IBC2013: Lichtfeld-Videoaufnahmen Fraunhofer-Style
Drehen mit 16 in einem Array angeordneten Kameras und erst im Nachhinein den genauen Blickwinkel und die Schärfeebene der jeweiligen Szene festlegen: Könnte das die Zukunft der Filmproduktion sein? Das Fraunhofer IIS jedenfalls zeigte während der IBC2013 erste Studien, wie das funktionieren könnte.
Dass die Bildgestaltung sich auch in der Postproduction noch in puncto Schärfeebene und Blickwinkel drastisch umändern lässt: Vielen Kameraleuten dürfte diese Vorstellung ein Graus sein. Und dennoch könnte es so kommen. Das was mit der Lichtfeldkamera Lytro bei Standbildern möglich ist, könnte man mit einem etwas anderen Ansatz auch mit Videoaufnahmen machen. Das Fraunhofer Institut für Integrierte Schaltungen (IIS) zeigte im Rahmen der IBC2013 die Kombination aus einer Algorithmik und einem Kamera-Array, die es erlauben, erst nach dem Dreh zu entscheiden, wo die Schärfe liegen, und aus welchem genauen Blickwinkel man auf das Bildobjekt blicken will. Man kann aber auch den aus »Matrix« bekannten Effekt, umsetzen, dass eine Szene einfriert und man dann den Blickwinkel ändert (auch als Bullet Time, Frozen Reality und Slice-Effekt bekannt).

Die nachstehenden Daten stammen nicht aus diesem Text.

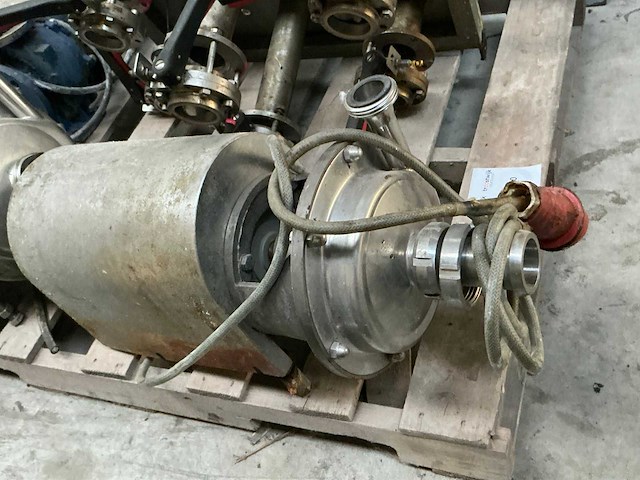Diverse rvs centrifugaalpompen (2x) - afbeelding 2 van  6
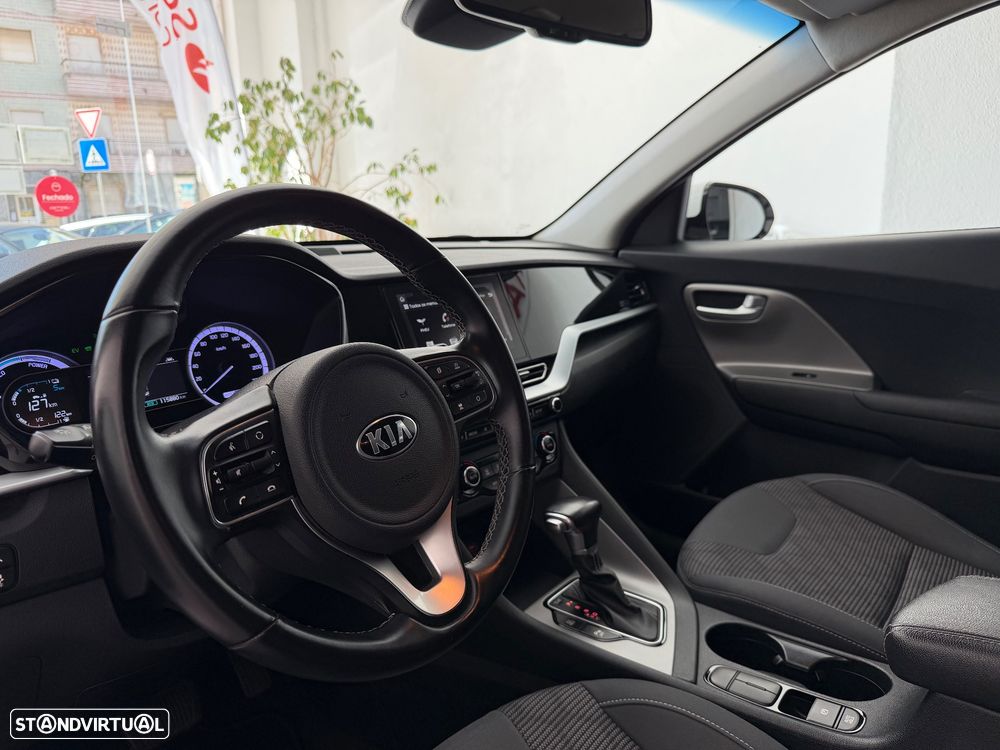 Kia Niro 1.6 GDi HEV Urban - 14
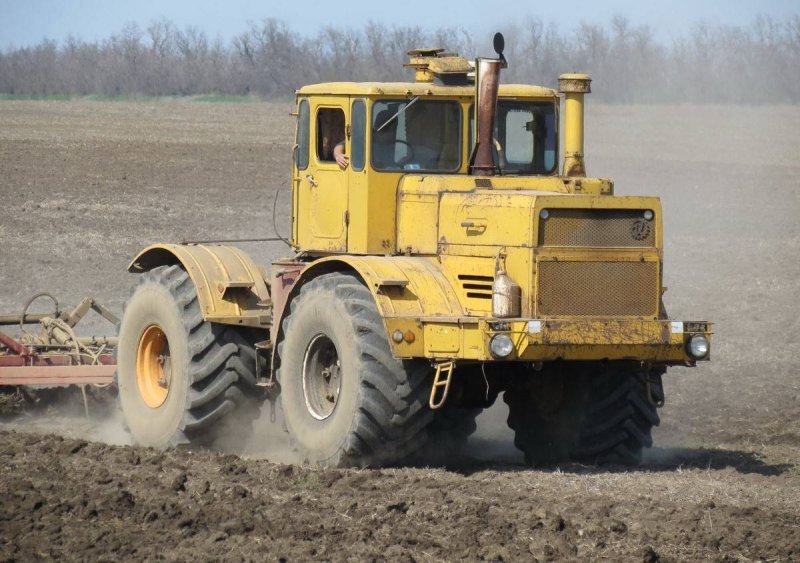 К700 Кировец трактор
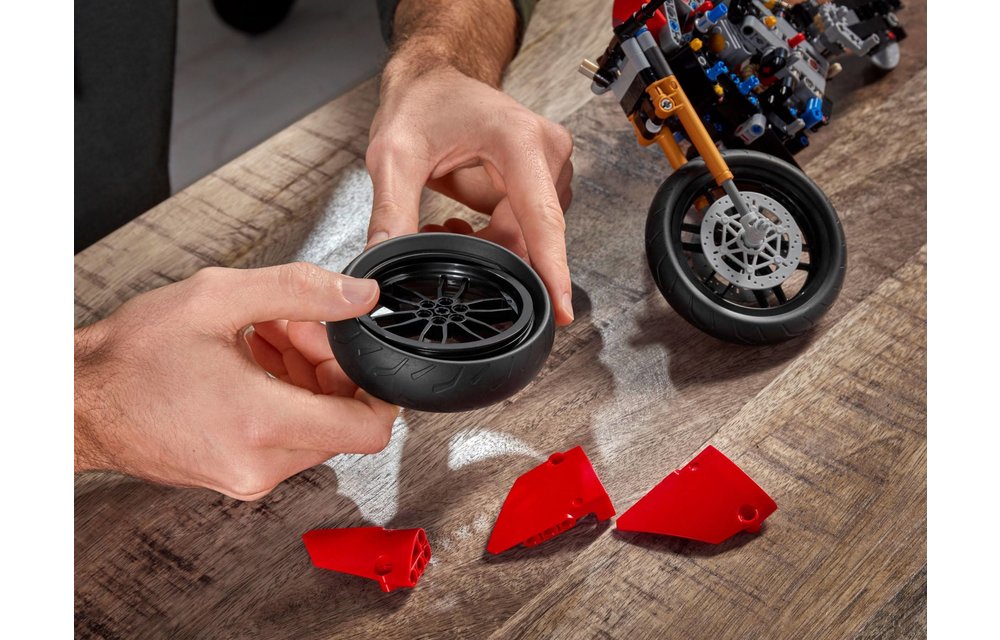 LEGO Technic Ducati Panigale V4 R | 42107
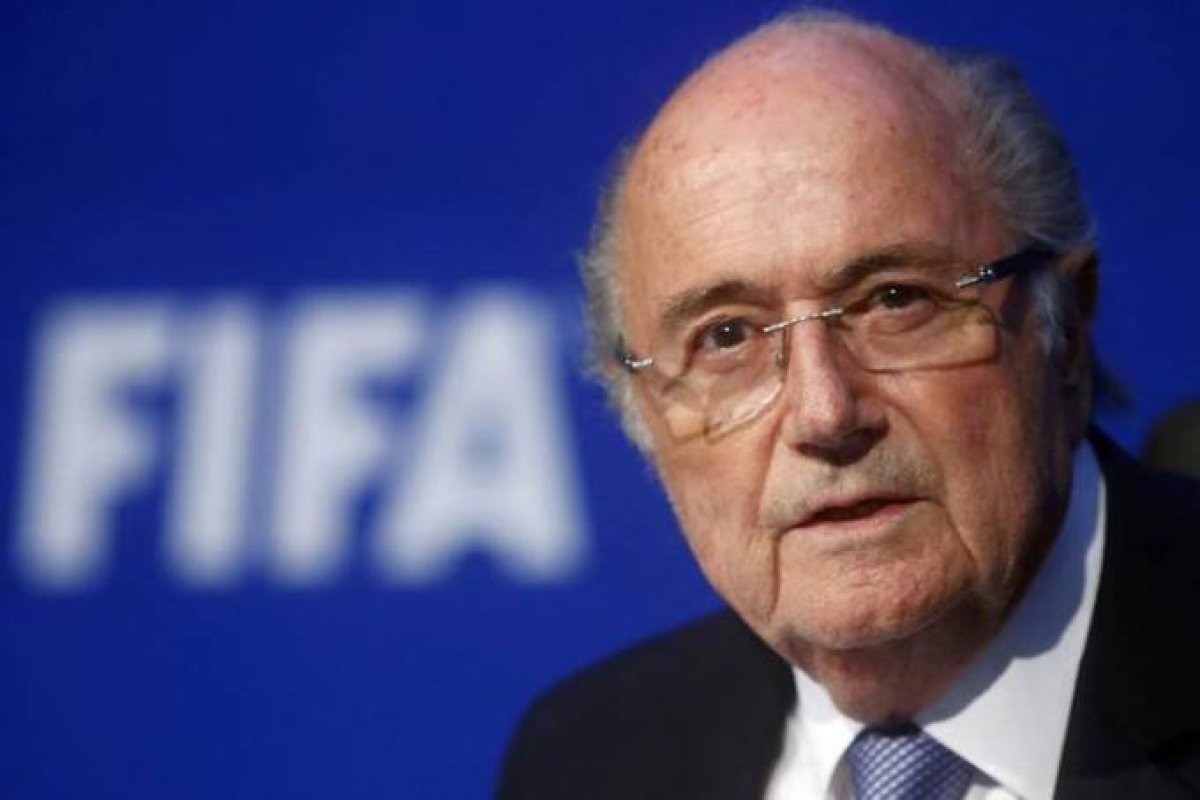 [Fifa suspende por mais de 6 anos Joseph Blatter e o ex-secretário-geral Jérôme Valcke]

Das für die Aufnahme genutzte Kamera-Array misst 30 x 30 cm. »Das Array besteht aus insgesamt 16 Kameras, die in vier Zeilen und vier Spalten angeordnet sind«, erläutert Frederik Zilly, Gruppenleiter am IIS. Die 16 Kameras sammeln die Lichtstrahlen an verschiedenen Punkten der Ebene ein, auf der sich die Kameras befinden. Die Forscher sprechen davon, dass sie somit teilweise das Lichtfeld der Szene einfangen, statt nur einer speziellen Perspektive.
Schon bei der Aufnahme werden aber nicht nur die Bilddaten erfasst, sondern es kommt Software zum Einsatz die Metadaten ermittelt: »Für jeden Pixel, den die Kameras aufnehmen, schätzt die Software die Tiefe ab. Sie ermittelt also, wie weit das abgebildete Objekt vom Kamera-Array entfernt ist. Aus dieser Tiefeninformation können in der Postproduktion Zwischenbilder errechnet werden, so dass wir virtuell die Daten nicht nur von 4 mal 4 Kameras, sondern von 100 mal 100 Kameras haben«, sagt Zilly.

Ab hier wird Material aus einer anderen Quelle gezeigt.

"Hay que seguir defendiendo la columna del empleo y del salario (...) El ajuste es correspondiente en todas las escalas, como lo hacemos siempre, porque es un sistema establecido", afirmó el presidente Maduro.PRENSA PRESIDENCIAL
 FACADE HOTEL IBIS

Ist das Array etwa auf einen Schauspieler gerichtet, so schauen die jeweils äußeren Kameras ein wenig hinter den Akteur. Sie haben einen anderen Blickwinkel als die Kameras, die sich in der Mitte der Anordnung befinden. Dies erlaubt es dann in der Postproduction, virtuell um eine Person oder einen
Gegenstand herumzufahren, den Blickwinkel sowie die Schärfenebene und Schärfentiefe der Aufnahme nachträglich zu modifizieren.
Die notwendige Software und Algorithmik für die Aufnahmen mit dem Kamera-Array haben die Forscher bereits entwickelt. Auch die grafische Benutzeroberfläche für die Aufnahme am Filmset gibt es bereits. An der Benutzeroberfläche für die Nachbearbeitung hingegen arbeiten die Forscher momentan noch. Sie soll in etwa einem halben Jahr fertig sein. Dann planen die Wissenschaftler, einen Stop-Motion-Film zu drehen, weil sich dieses Sujet besonders für Testläufe der Software eignet. »So können wir Interessenten zeigen, welche Möglichkeiten sich beim Einsatz des Kamera-Arrays bieten«, führt Frederik Zilly aus.